This project implements sentiment analysis using Logistic Regression. It was developed as part of the Bachelor in Engineering (B.E.) curriculum, serving as the final year project.
- Objective: Perform sentiment analysis on binary labeled data.
- Steps:
- Data Cleaning: Remove unnecessary and incorrect data points.
- Stopword Removal: Eliminate common stopwords.
- Porter Stemming: Apply Porter Stemmer to reduce words to their root form.
- TF-IDF Vectorization: Convert raw text documents into a matrix of TF-IDF features.
- TF-IDF (Term Frequency-Inverse Document Frequency) assigns weights to each word based on its term frequency (TF) and inverse document frequency (IDF).
- Equivalent to combining CountVectorizer (to count word occurrences) followed by TfidfTransformer.
- Data Splitting: Divide the data into 80% training and 20% testing sets.
- Model Training and Testing: Train the logistic regression model and evaluate its accuracy (achieved 89%).
- Clone this repository.
- Install necessary dependencies (e.g., scikit-learn).
- Run the provided Python script for sentiment analysis.
TF-IDF Vectorization (Term Frequency-Inverse Document Frequency) converts a collection of raw documents into a matrix of features. It is equivalent to combining CountVectorizer (which counts word occurrences) followed by TfidfTransformer. The process assigns weights to each word based on its term frequency and inverse document frequency, making it useful for text classification, information retrieval, and summarization.
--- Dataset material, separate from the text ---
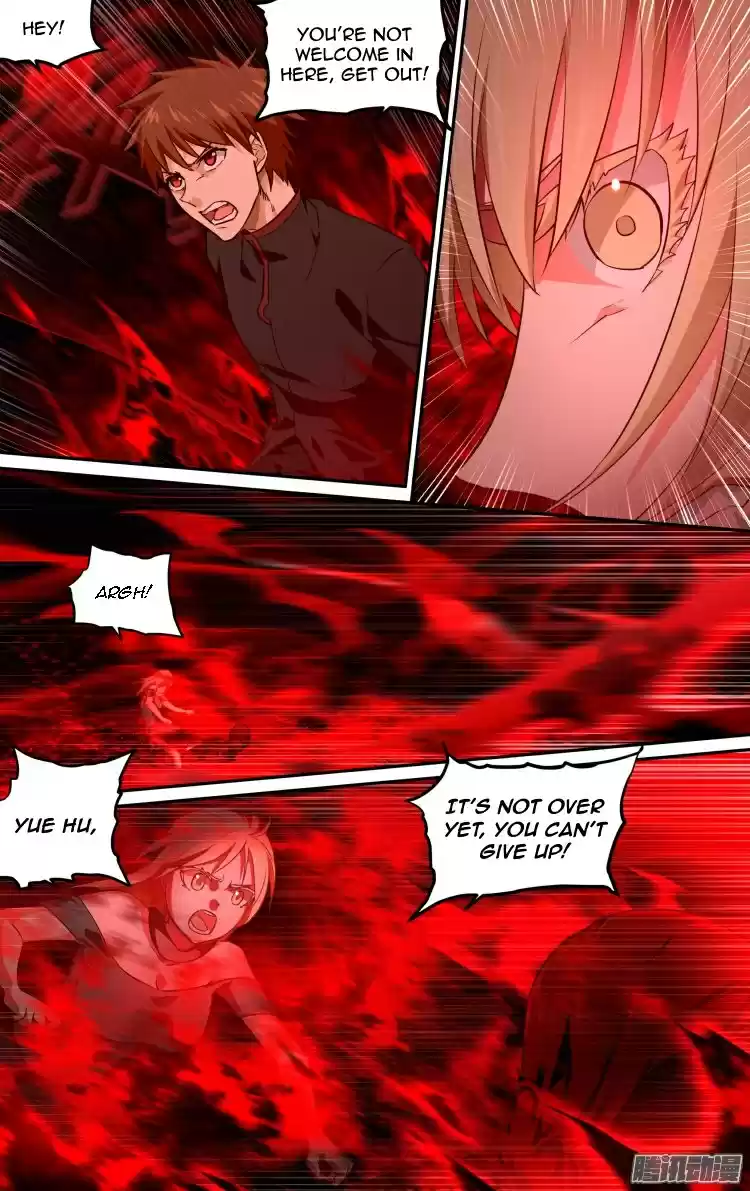 The Fairy Captivity Ch.160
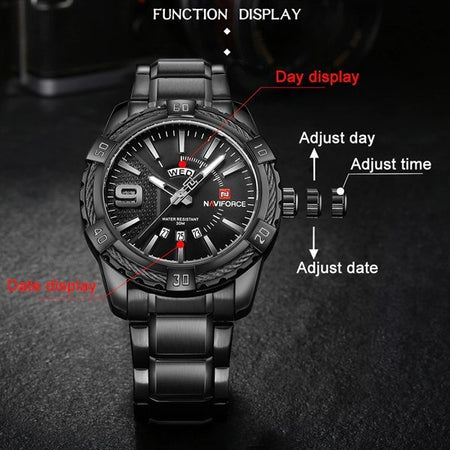 Navi Force Day And Date Edition image 8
The Porter Stemmer is a popular stemming algorithm proposed in 1980. It simplifies words by removing common morphological and inflectional endings, transforming them into their root form. While it's known for its speed and simplicity, it has limitations, such as occasionally producing non-words as root forms. In our project, we apply the Porter Stemmer to enhance text normalization.